Abbiamo letto dalle colonne de “il Giornale” il pezzo di Marcello Veneziani, una delle tante
speranze della giovane cultura di destra degli anni ’80, passato dal denunciare “il male americano” alla fase senile del compiacimento nel potersi sedersi alla corte di un sovrano che notoriamente ama la cultura a stella e strisce più di ogni altra cosa (veline a parte).
Nessuno vieta di cambiare idea nella vita, come di farsi nominare, a suo tempo, in quota An nel non certo gratuito posto di consigliere di amministrazione della Rai.
Sono scelte personali.
Ma proprio per la stima che avevo (e che non ho più) per Marcello, avrei preferito che il suo passaggio tra i berluscones avvenisse senza che dovesse trovare ad ogni costo una giustificazione che non fosse l’italico “tengo famiglia”.
Avrei accettato persino che la sua abile penna dipingesse le forme e i colori delle gioiose feste a Palazzo Grazioli per renderle meno patetiche agli italiani, piuttosto che cercare una liaison con il nostro passato di “maledetti”.

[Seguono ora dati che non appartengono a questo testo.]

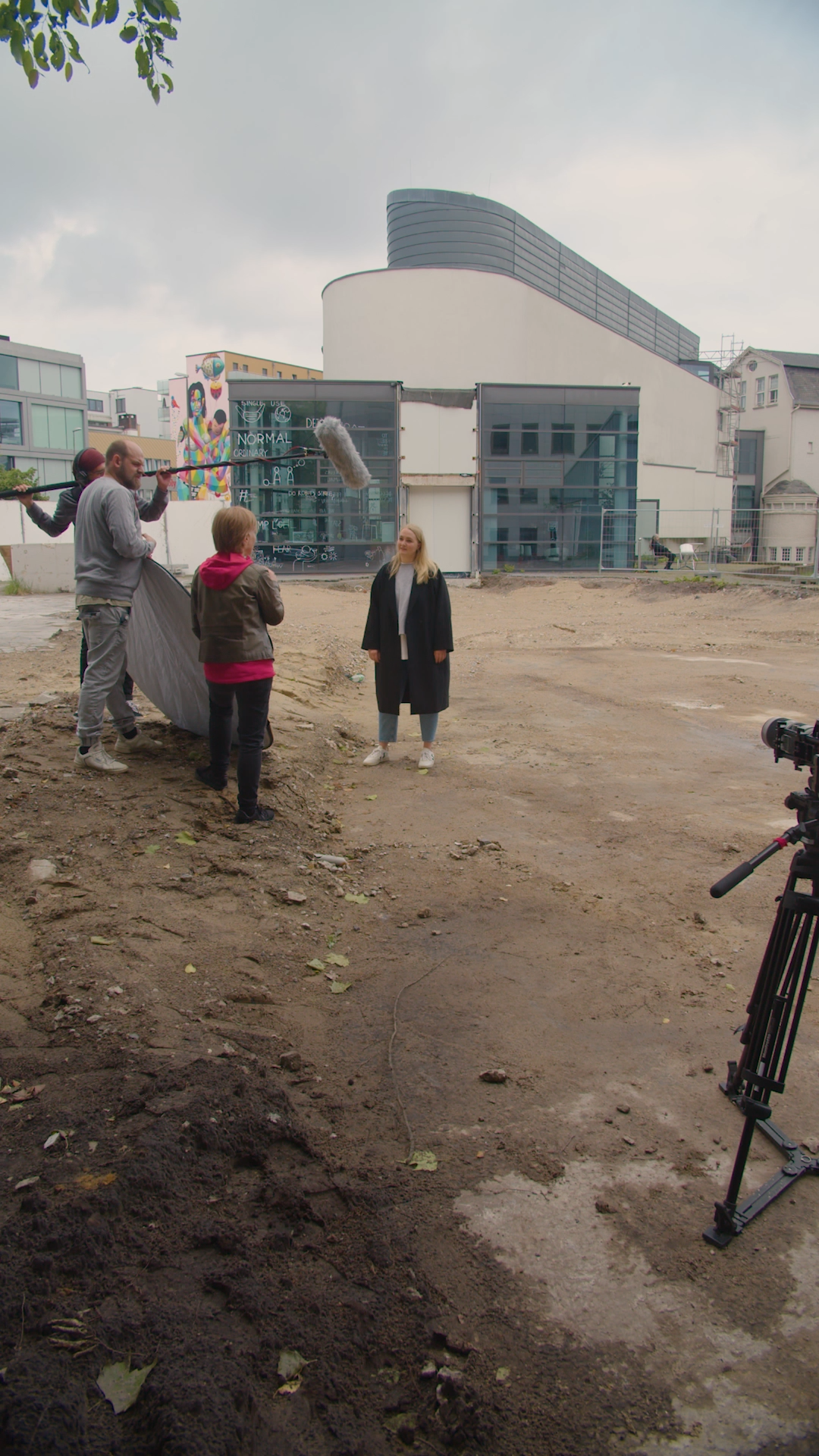 Szene eines Interviews auf der Baustelle des Stadtmuseums, Sandfläche, im Hintergrund das Horst-Janssen-Museum, © Stadtmuseum Oldenburg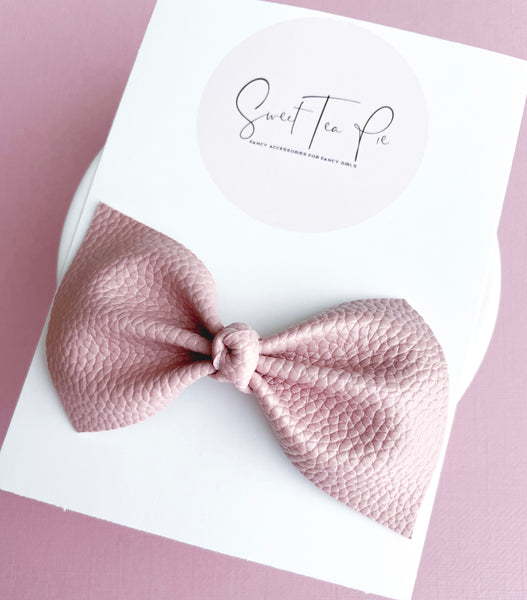 Quartz Pink Knot Hair Bow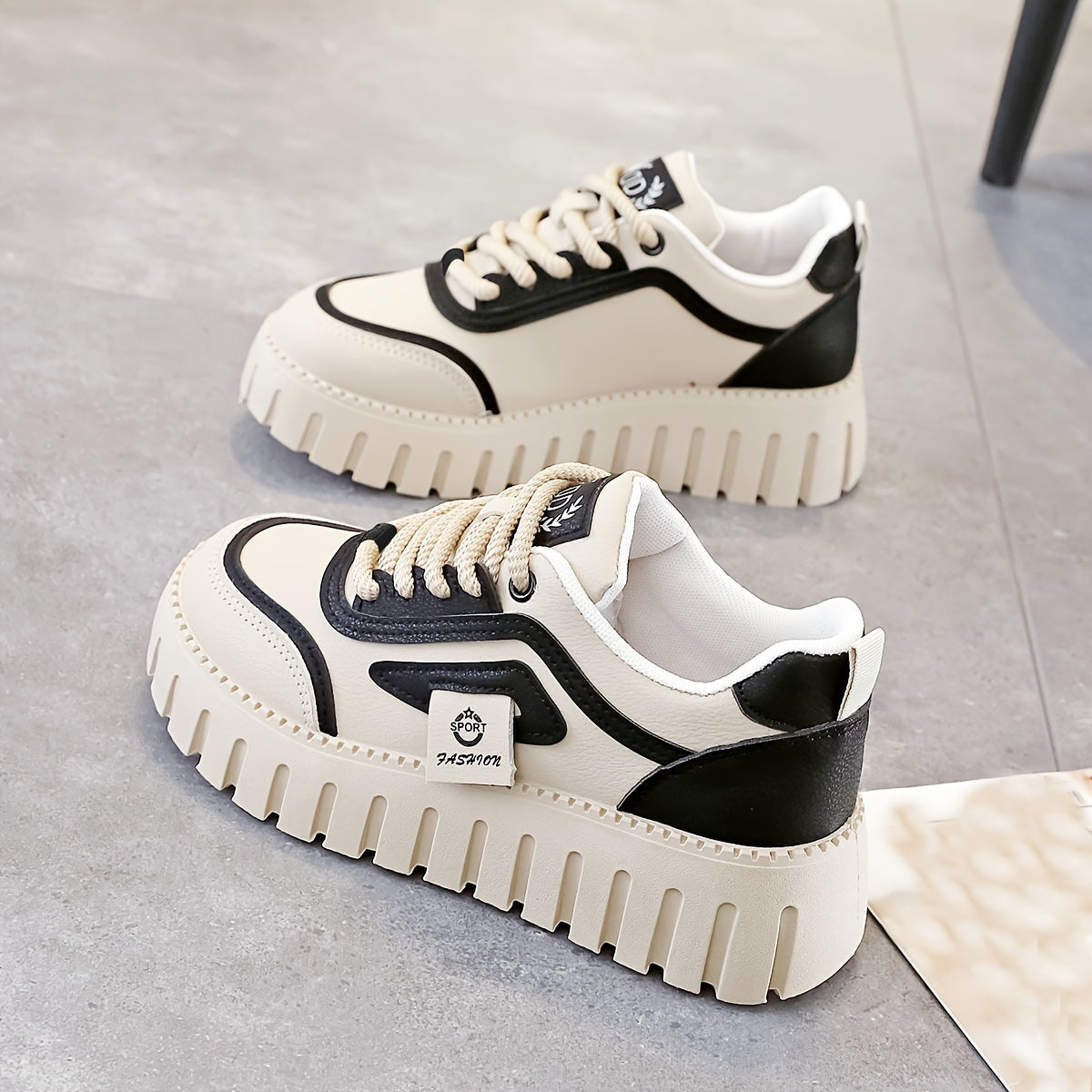 Women's Casual Sneakers Low Top Lace-Up Lightweight Rubber Sole Fabric Insole All-Season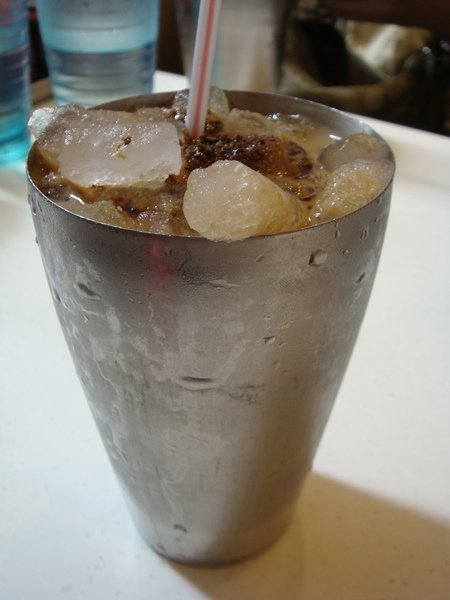 雪克杯裝的凍咖啡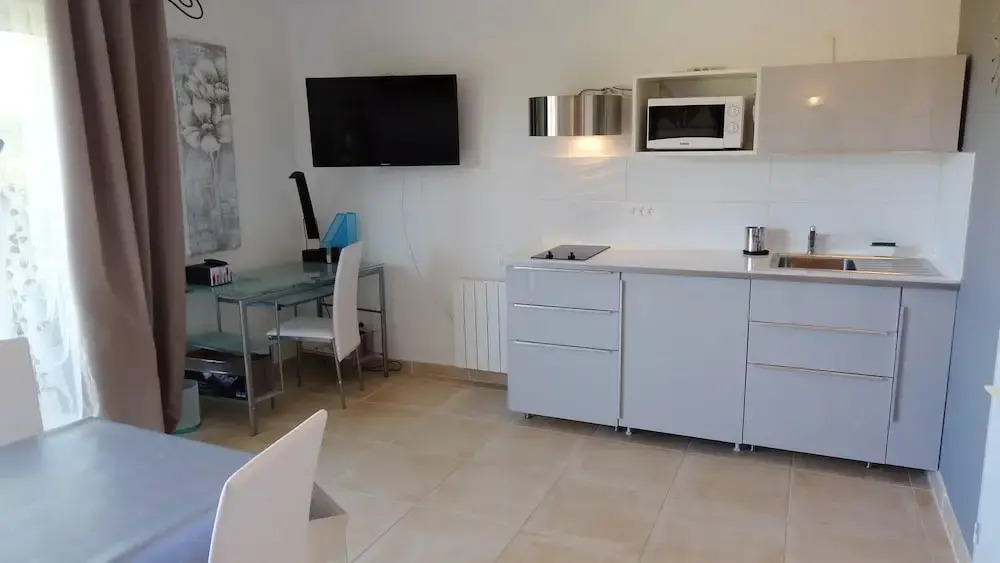 Apartment With one Bedroom in Manosque, With Wonderful Mountain View, Furnished Garden and Wifi - 97 km From the Beach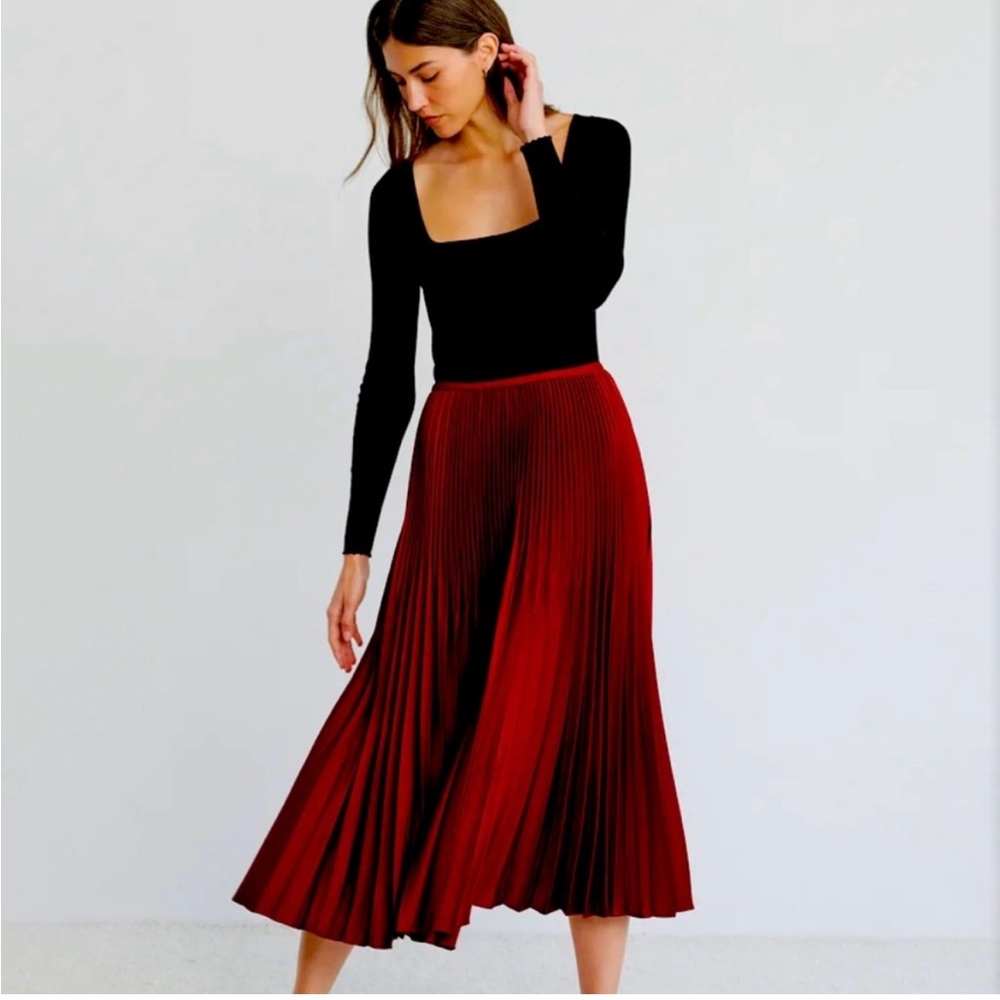 Pleated Satin Skirt Titian Red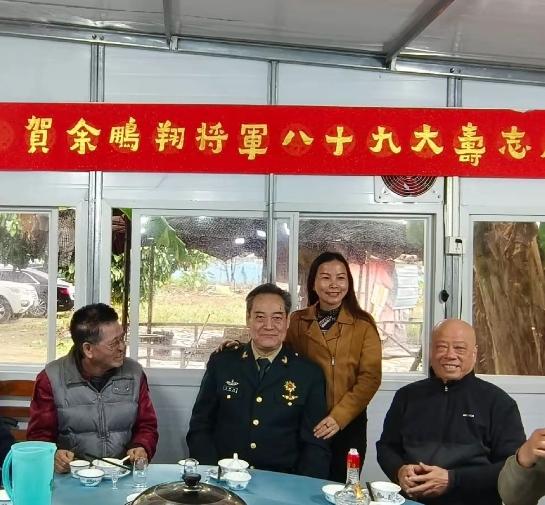 如何看待余鹏翔将军鼓励大家像战士一样勇敢的穿汉服,弘扬民族文化?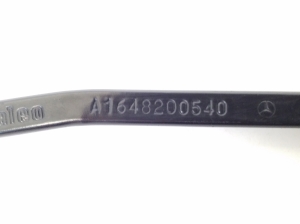 Mercedes Benz GL-Class 164 (2006–2012) Windshield wiper arm A1648200540 - 3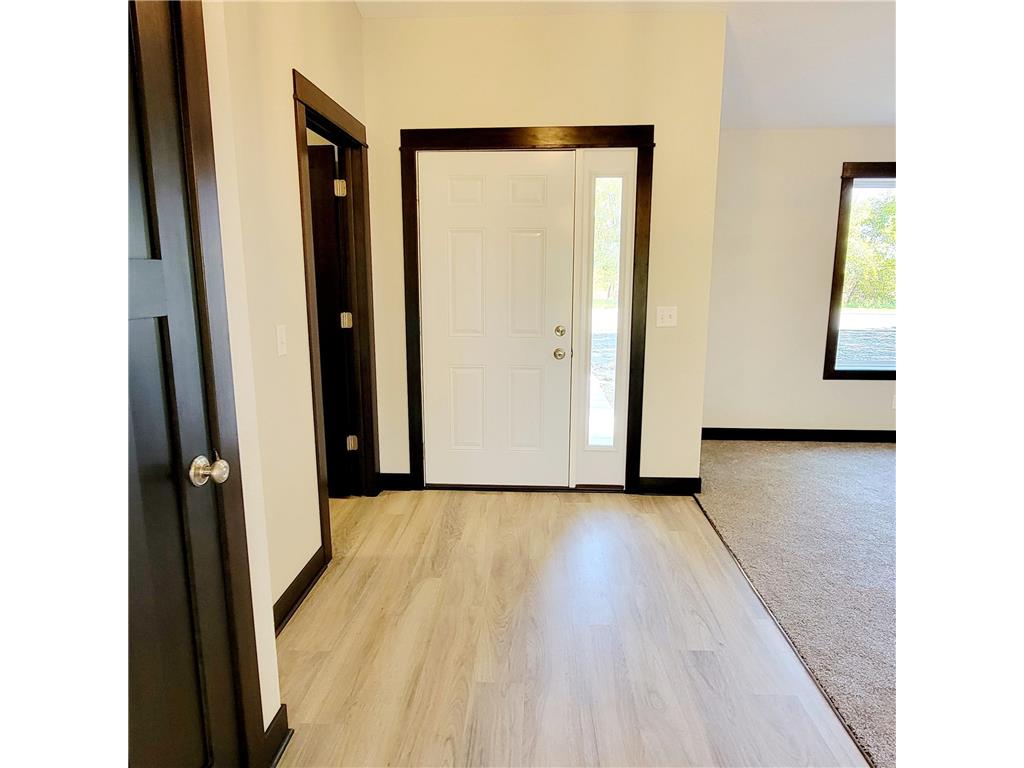1088 Cullen Street Saint Peter MN 56082 7054680 image14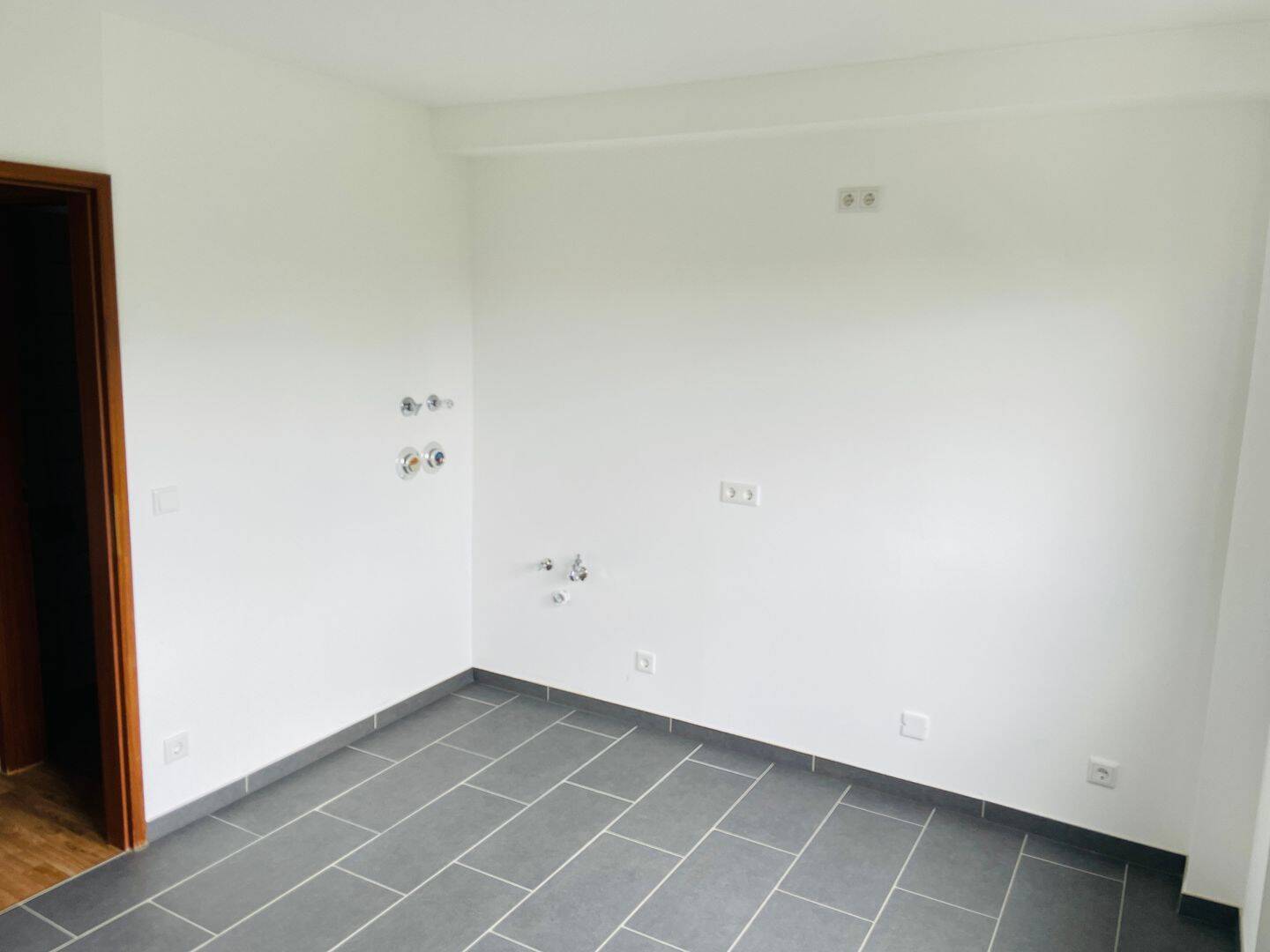 Gepflegte 3-Zimmer-Wohnung nahe Frankenstraße ab sofort verfügbar – Nürnberg – Vorschaubild 8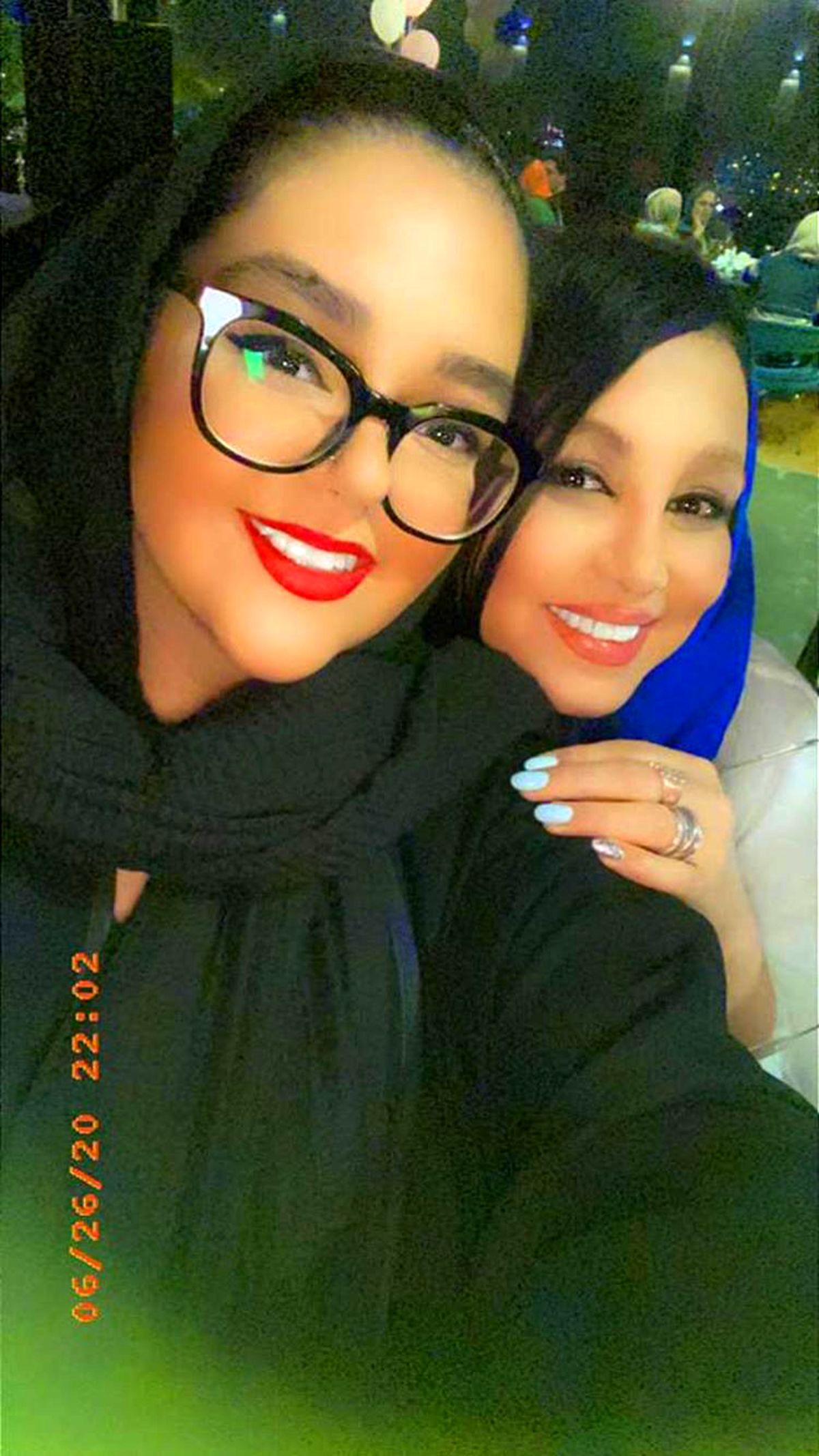 سلفی بهنوش بختیاری با هوادارش + عکس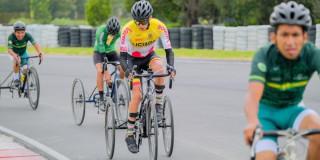 Paraciclista compitiendo en Copa Nacional de Tocancipá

Se uno sceglie di fare il pittore di corte non cerchi almeno alibi per rimpiangere i tempi in cui usava il pennello per tracciare la via dei sogni.
Si limiti a prendere atto che non ha più il tratto vitale, non accusi altri di essere ladri di sogni.
Scrive Marcello: ” lo confesso: il mandante delle accuse a Fini sono io. Io e tutti quei ragazzi che hanno creduto nella destra, investendoci la vita. Noi, che possiamo comprendere i trasformismi, ma che non gli perdoneremo mai di aver svenduto i nostri sacrifici al “cognato””
E via ai ricordi: “Quel ragazzo sognava un’Italia migliore, amava la tradizione quanto la ribellione, detestava l’arroganza dei contestatori almeno quanto la viltà dei moderati, e si sedette dalla parte del torto, per gusto aspro di libertà “.
In questo improvviso amarcord, Marcello è in buona compagnia: da Storace in giù, giù in tutti i sensi, è un fiorire di ex intellettuali, ex autisti, ex militanti presunti, ex “duri e puri” che si indignano di fronte a una casa ereditata “grazie al sangue di tanti nostri giovani caduti”.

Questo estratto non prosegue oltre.